Netanyahu’s threat (discussed above) to go ahead with annexation without the support of Gantz contravenes the U.S. call for Israeli unity behind any annexation. It was only one week ago that a senior U.S. official said that it is “highly unlikely” that the U.S. will give a greenlight to annexation that is not supported by Gantz. The Israel Hayom report suggests that Netanyahu hopes the U.S. can get behind one of his proposals, allowing him to proceed with or without Gantz.

Settlers Continue Opposing Key Parts of Trump Plan, But Offer Support for Phased Approach

A recent poll found that 56% of settlers support the Trump Plan, as the settler leadership continues lobbying for more land as negotiations over the annexation map continue. The poll found the 28% of settlers believe the plan is “terrible and must be opposed.”

On June 7th  Netanayahu, Settlements Minister Tzipi Hotovely, and Speaker of the Knesset Yariv Levin met with a group of eleven settler leaders who support the Trump Plan. Participants in the meeting said that Netanyahu promised that he would not agree to the future establishment of Palestinian state, and that he would not agree to any construction freeze for any settlements – addressing two of the three main demands from settlers, even settlers who support the Trump Plan. 

The third key concern/demand from settlers is that the map does not leave Israeli settlements in enclaves surrounded by Palestinian-controlled territory. To that end, settlers from the Yesha Council – which has mostly opposed the Trump Plan – have drawn up their own map, reportedly showing how the construction of a new road system can eliminate the concern about settlement enclaves. 

Notably, settlers who participated in the June 7th meeting confirmed early reports about Netanyahu’s design for a phased annexation plan (different from the phased plan reported by Israel Hayom). According to these reports, Phase 1 will start on July 1st with annexing all the settlements, but leaving the rest of the land allocated to Israel under the Trump Plan, including the Jordan Valley, to be annexed later.

Notably, the CEO of the settler Yesha Council, Yigal Dilmoni, came out in support of a phased annexation plan, while doubling down on the settlers’ conditions for accepting such a plan, saying:

“There must be sovereignty, even if it is in stages, but in no way can there be a Palestinian state, nor a [settlement building] freeze, and no enclave settlements.”

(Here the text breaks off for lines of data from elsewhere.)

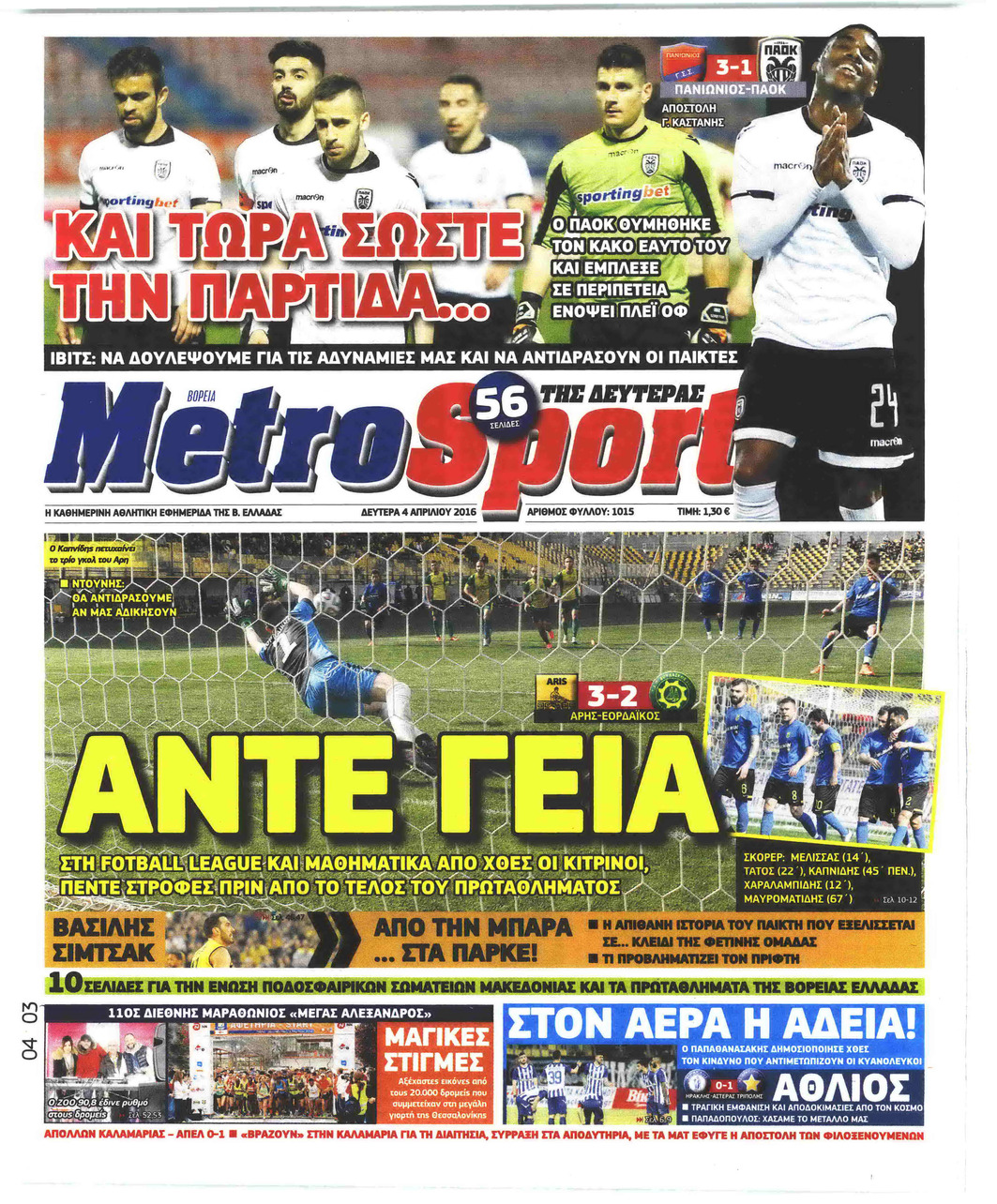 Πρωτοσέλιδο εφημερίδας Metrosport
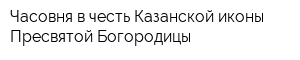 Часовня в честь Казанской иконы Пресвятой Богородицы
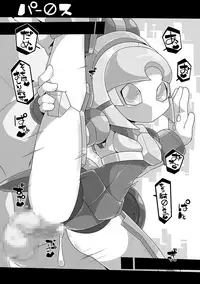 [Workaholic (Kni)] ROBO-no-EROHON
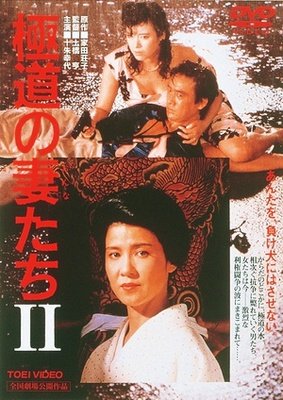 《极道之妻》经典观后感集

Meanwhile, Yesha Council Chairman David Elhayani continues his no-holds-barred attack on the Trump Plan and its architects, telling Haaretz that he prefers the status quo in the West Bank, and going on to say:

From the beginning, I marked the Americans as a target. I said that [Trump’s special adviser and son-in-law Jared] Kushner had stabbed Netanyahu in the back after the event in Washington, and I later said that Friedman was being deceptive in selling only the sovereignty part without revealing to Israelis that ultimately there’s also a Palestinian state. This was a scam, and it was time to go to Trump – who isn’t familiar with the plan – and tell him: ‘Sir, you’re endangering the security of the State of Israel.’ The Palestinian public is of no interest to them. I’ll tell you what interests them: they want to chalk up some achievement. Kushner wants to bring his father-in-law Trump the achievement of being the greatest leader in the world. No leader since 1948 has managed to solve the Israeli-Palestinian conflict and here, the great Trump arrived and did it! He’ll say, ‘I told you. I’m a businessman and I know how to close deals. This is the deal I closed: Have sovereignty and give a Palestinian state.’ If you met President Trump tomorrow morning and asked him about the details of this plan, do you think he’d know?”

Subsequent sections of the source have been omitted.